Per Claudio Tesauro, Presidente di Save the Children: «È semplicemente inaccettabile che ancora così tanti bambini perdano la vita perché colpiti dalla malnutrizione, un killer silenzioso, ma prevenibile, che trae ancora più forza proprio attraverso il circolo vizioso della povertà, dei conflitti e dei cambiamenti climatici, e che indebolisce il sistema immunitario dei bambini, lasciandoli vulnerabili alle infezioni e alle malattie. E – aggiunge -, per quelli che sopravvivono, la malnutrizione rappresenta una condanna per tutta la vita, perché può danneggiare il loro sviluppo cognitivo e avere ripercussioni devastanti sul loro futuro e sulle loro opportunità di vita da adulti».

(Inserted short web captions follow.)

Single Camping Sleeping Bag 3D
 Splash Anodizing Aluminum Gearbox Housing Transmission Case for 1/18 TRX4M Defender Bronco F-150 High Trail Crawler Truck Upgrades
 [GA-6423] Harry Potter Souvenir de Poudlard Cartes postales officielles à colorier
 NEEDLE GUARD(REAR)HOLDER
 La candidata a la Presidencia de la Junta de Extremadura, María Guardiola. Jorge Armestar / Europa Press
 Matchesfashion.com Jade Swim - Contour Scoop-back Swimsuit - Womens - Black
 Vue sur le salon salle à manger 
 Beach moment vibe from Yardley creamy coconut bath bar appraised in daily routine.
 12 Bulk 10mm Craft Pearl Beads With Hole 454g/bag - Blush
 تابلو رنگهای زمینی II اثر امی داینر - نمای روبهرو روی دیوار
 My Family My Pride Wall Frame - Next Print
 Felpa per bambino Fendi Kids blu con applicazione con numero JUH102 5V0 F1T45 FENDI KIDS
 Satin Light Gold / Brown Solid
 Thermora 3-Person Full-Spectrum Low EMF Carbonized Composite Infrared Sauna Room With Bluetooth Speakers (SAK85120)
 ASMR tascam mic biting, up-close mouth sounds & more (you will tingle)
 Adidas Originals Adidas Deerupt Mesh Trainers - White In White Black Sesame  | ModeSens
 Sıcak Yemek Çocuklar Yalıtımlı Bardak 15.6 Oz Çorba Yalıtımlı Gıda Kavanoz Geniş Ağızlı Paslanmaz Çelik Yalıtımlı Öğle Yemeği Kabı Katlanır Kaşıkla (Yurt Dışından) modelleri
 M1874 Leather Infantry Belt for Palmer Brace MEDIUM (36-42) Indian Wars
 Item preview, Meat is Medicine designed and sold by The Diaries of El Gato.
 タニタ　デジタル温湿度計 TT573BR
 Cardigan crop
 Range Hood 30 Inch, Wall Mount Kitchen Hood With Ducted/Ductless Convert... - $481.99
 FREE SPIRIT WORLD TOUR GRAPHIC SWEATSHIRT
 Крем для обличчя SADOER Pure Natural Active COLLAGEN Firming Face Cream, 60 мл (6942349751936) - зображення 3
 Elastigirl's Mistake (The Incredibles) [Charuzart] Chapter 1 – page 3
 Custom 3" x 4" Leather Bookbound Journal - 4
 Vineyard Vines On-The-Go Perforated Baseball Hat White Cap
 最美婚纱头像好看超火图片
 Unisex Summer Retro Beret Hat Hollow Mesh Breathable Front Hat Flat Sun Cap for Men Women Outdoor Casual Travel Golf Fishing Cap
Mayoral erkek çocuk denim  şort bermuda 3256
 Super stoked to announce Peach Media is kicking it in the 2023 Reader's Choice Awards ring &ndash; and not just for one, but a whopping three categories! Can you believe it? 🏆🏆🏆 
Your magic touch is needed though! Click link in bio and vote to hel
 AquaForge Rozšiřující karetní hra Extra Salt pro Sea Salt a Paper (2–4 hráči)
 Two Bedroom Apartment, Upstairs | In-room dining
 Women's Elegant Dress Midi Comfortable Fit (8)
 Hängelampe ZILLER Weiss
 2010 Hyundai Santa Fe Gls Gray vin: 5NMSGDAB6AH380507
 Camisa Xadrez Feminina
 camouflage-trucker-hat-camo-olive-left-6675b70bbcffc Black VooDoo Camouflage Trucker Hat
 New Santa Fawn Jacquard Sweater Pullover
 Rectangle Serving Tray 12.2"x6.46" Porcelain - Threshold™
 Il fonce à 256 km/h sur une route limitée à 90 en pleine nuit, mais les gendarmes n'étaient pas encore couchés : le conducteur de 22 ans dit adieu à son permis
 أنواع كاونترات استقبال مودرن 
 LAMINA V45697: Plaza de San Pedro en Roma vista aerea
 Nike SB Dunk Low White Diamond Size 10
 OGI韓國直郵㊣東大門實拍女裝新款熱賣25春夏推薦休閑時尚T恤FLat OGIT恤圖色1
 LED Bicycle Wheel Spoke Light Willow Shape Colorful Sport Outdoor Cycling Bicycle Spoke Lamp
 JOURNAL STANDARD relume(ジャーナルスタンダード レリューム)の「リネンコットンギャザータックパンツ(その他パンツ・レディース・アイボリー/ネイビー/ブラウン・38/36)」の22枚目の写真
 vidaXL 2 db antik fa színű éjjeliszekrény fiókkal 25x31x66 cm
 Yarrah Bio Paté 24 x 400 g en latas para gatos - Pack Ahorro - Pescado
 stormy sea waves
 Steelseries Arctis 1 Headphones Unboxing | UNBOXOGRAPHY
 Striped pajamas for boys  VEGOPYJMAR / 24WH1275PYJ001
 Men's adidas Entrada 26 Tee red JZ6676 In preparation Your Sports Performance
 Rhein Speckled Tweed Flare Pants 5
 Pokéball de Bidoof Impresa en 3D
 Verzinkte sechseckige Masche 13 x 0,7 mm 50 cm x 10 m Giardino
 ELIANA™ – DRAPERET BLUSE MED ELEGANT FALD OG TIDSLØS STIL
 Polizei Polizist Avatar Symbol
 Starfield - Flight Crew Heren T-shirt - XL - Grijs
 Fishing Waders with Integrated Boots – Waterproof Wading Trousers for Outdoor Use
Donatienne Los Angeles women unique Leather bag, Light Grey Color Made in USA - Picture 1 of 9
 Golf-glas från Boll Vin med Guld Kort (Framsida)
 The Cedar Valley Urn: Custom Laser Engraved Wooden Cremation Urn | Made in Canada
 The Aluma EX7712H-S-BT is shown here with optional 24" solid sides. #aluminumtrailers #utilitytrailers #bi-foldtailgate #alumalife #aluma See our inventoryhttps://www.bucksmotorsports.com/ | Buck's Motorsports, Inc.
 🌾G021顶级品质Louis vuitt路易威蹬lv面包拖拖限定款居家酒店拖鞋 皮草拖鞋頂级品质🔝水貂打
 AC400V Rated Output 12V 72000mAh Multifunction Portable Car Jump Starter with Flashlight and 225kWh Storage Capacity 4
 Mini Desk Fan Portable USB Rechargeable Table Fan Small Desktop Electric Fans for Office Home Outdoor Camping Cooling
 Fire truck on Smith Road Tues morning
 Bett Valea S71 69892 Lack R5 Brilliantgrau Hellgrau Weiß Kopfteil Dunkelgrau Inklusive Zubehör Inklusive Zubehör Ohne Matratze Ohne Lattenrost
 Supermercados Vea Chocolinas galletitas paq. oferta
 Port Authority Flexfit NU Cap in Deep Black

Perché, infatti, sia la povertà che i cambiamenti climatici e anche i conflitti hanno un ruolo decisivo nella diffusione della malnutrizione. Nei Paesi a medio e basso reddito, 2 minori su 5 vivono con forti deprivazioni circa l’accesso al cibo, ai servizi igienico-sanitari e all’educazione, mentre nel Corno d’Africa e in Kenya, in seguito all’emergenza climatica El Niño, 7 milioni di bambini stanno ancora facendo i conti con la carenza d’acqua e di sostanze nutritive.

Salvare questi bambini e dare loro un futuro è l’obiettivo della campagna “Fino all’ultimo bambino”, lanciata da Save the Children. E’ ottimista Valerio Neri, Direttore Generale di Save the Children: «Dal 1990 ad oggi sono stati compiuti importanti passi in avanti per ridurre il fardello della malnutrizione, riducendo da 254 a 155 milioni il numero di bambini colpiti da malnutrizione cronica. Nonostante ciò – ha detto -, il mondo è ancora ben lontano dal raggiungere gli obiettivi globali, quali la riduzione del 40% dei casi di malnutrizione cronica entro il 2025 e l’eliminazione di tutte le forme di malnutrizione entro il 2030. Noi continueremo a fare di tutto perché nessun bambino venga più lasciato indietro e affinché a tutti, nessuno escluso, venga restituita la possibilità di beneficiare delle sostanze nutritive di cui hanno bisogno, crescere sani, andare a scuola, formarsi e guardare al futuro con speranza» (fonte Save the Children).